• Women Making War: Female Confederate Prisoners and Union Military Justice by Thomas F. Curran (SIU Press, 2020).
Recent studies contextualizing the Civil War's guerrilla conflict as a "household war" have emphasized the key supporting roles assumed by women who provided food, supplies, shelter, and information to local fighters. War-torn Missouri has proved to be the most fertile ground for this work, and it is no surprise that the state provides the setting for Thomas Curran's Women Making War: Female Confederate Prisoners and Union Military Justice.
From the description: "During the American Civil War, more than four hundred women were arrested and imprisoned by the Union Army in the St. Louis area. The majority of these women were fully aware of the political nature of their actions and had made conscious decisions to assist Confederate soldiers in armed rebellion against the U.S. government. Their crimes included offering aid to Confederate soldiers, smuggling, spying, sabotaging, and, rarely, serving in the Confederate army. Historian Thomas F. Curran’s extensive research highlights for the first time the female Confederate prisoners in the St.

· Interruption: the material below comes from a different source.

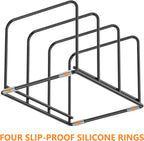Kitchen Cabinet Organizer, 2PSC Steel Cookware Holder, Divided Holder with 3 Slots for Skillets Baking Tray and Chopping Board Rack - Pan Holder Storage (2.2 Inch Width Slots)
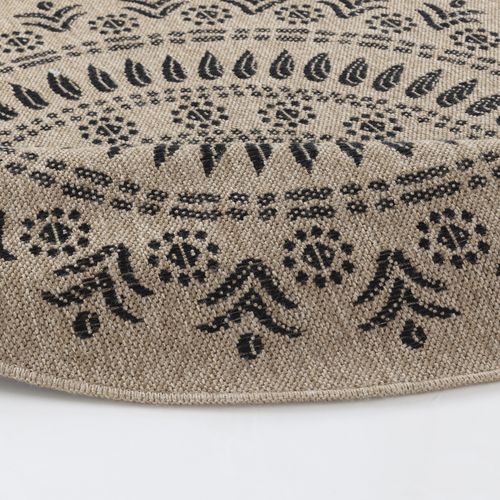 Tapis Rond Extérieur/intérieur Aspect Jute Beige/noir Ø 160 Cm Vera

Louis area, and his thoughtful analysis shows how their activities affected Federal military policy."
As one might have anticipated, the guerrilla war's expansion in scale and intensity coincided with harsher treatment of female civilian supporters by Union authorities. "Some Confederate partisan women were banished to the South, while others were held at Alton Military Prison and other sites. The guerilla war in Missouri resulted in more arrests of women, and the task of incarcerating them became more complicated."
More: "The women’s offenses were seen as treasonous by the Federal government. By determining that women—who were excluded from the politics of the male public sphere—were capable of treason, Federal authorities implicitly acknowledged that women acted in ways that had serious political meaning. Nearly six decades before U.S. women had the right to vote, Federal officials who dealt with Confederate partisan women routinely referred to them as citizens. Federal officials created a policy that conferred on female citizens the same obligations male citizens had during time of war and rebellion, and they prosecuted disloyal women in the same way they did disloyal men."